EL HOMBRE ES INSACIABLE

 

La naturaleza es patrimonio de la humanidad. Los bienes tienen un destino universal, por tanto, uso debe redundar en beneficio de todos. Un hombre que posee un millón de pesos quiere diez, y si tiene diez, quiere más. Si una mujer posee siete pares de zapatos, quiere diez y siete, ¿Por qué? Por egocentrismo, porque no sabe que la riqueza existe para ser compartida.

“Los bienes, aun cuando sean poseídos legítimamente, conservan siempre un destino universal. Toda forma de acumulación indebida es inmoral, porque se halla en abierta contradicción con el destino universal que Dios creador asignó a todos los bienes” (Compendio de la Doctrina Social de la Iglesia, México 2004, n. 328, p. 183).

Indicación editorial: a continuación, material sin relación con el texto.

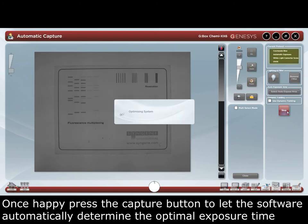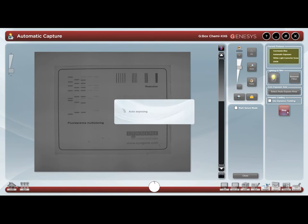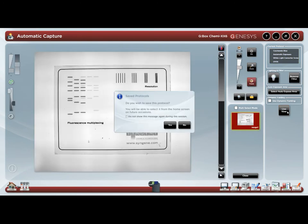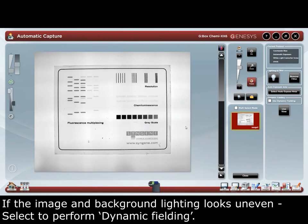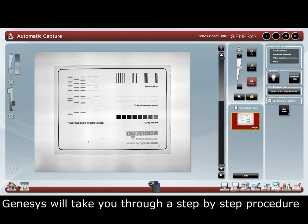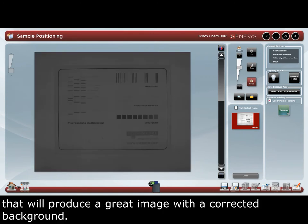This lets the software automatically determine the optimal exposure time without ever saturating your image. If the image background lighting looks uneven, select to perform dynamic fielding. Dynamic fielding is used to correct for any uneven light. Genesys will take you through a step-by-step procedure that will produce a great image with a corrected background.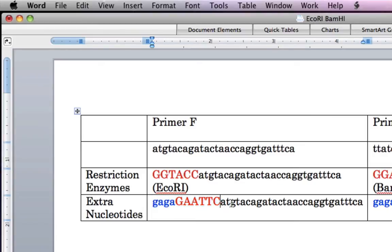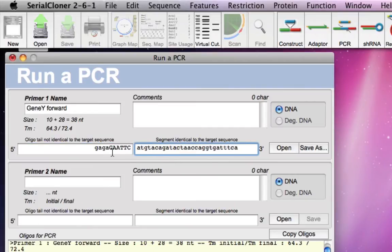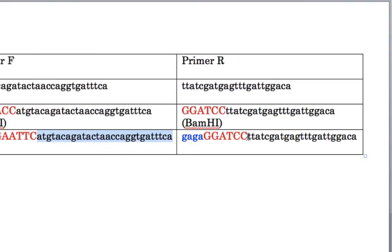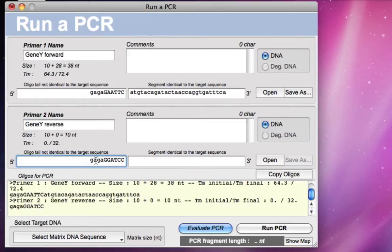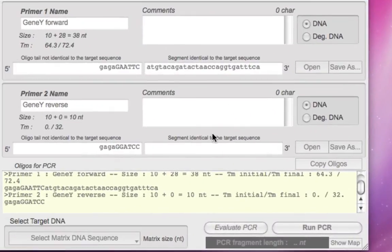For the forward primer, the region identical to the target sequence is the binding portion — paste it into the primer sequence field. Now for the reverse primer — gene Y reverse — the tail is GAGA plus GGATCC (BAMH1), which is the non-identical portion. We select and paste that as the tail, then select the identical binding region and paste it into the primer sequence field.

Las cosas externas que el hombre posee legítimamente, no son solo suyas, sino también son comunes, en el sentido de que deben beneficiar a otros. “Nadie tiene derecho a lo superfluo mientras unos carezcan de lo necesario”, dijo un Papa. Y Santo Tomás de Aquino escribe: “Cuando se ha generalizado lo superfluo, no adquiere carácter de necesario; sobre todo cuando la generalización ha sido hecha por una sarta de estúpidos”. Las necesidades naturales se calman; llega un momento en que ya no se puede descansar o comer más. En cambio, las necesidades superfluas no se satisfacen nunca, como la ropa, los aparatos electrónicos, etc.

El no saciarse nunca de ellos es lo que caracteriza a los bienes superfluos, y lo que da paso a una enfermedad espiritual diagnosticada por Platón hace más de veinticinco siglos, que lleva el nombre de pleonexia, que es un apetito insaciable de cosas materiales.

Pleonéxico es aquel que considera que todavía no tiene bastante, porque ignora que su espíritu no puede calmarse con cosas materiales. Esa ansia infinita sólo se sacia con los bienes del espíritu.

Los bienes materiales se destruyen al repartirse, los bienes espirituales crecen cuando se reparten. Así, la alegría y la salud no pueden tenerse sin compartirlas con los demás.

Pero hay una diferencia grande entre la plenorexia de hace veinticinco siglos y la contraída contemporáneamente por la civilización del consumo. Para Platón era una enfermedad; para nuestro siglo es un signo de éxito. Entre los dos se ha dado un cambio de 180 grados. Esta es nuestra gran enfermedad: considerar como “éxito” lo que precisamente nos enferma. San Pablo escribe que “la raíz de todos los males es el afán de dinero” (1 Tm, 6,10).

Aristóteles sostiene que son bienes necesarios y convenientes aquellos que hacen asequible al hombre el ejercicio de la virtud. ¿Cuáles serían esos bienes? La lectura reflexiva, el estudio, el deporte, el compartir, el proceso de enseñanza-aprendizaje, el cultivo del arte, el valor de la coherencia, el valor de la libertad, el ejercicio de la caridad, etc.

Aristóteles dice “llamamos felicidad al desarrollo o expansión de la actividad del espíritu”. Para los griegos, el hombre virtuoso era el hombre de éxito, y el hombre de éxito era el hombre virtuoso. Juan Pablo II decía: “Los verdaderos bienes son los que le abren el horizonte al hombre”. Lo importante es poder distinguir porqué lo superfluo se puede convertir en nocivo, y pasa cuando coexiste con la carencia de lo necesario, porque priva a alguien de lo que necesita (cfr. Carlos Llano, Istmo, “¿Quién tiene derecho a lo superfluo?”, marzo de 2010).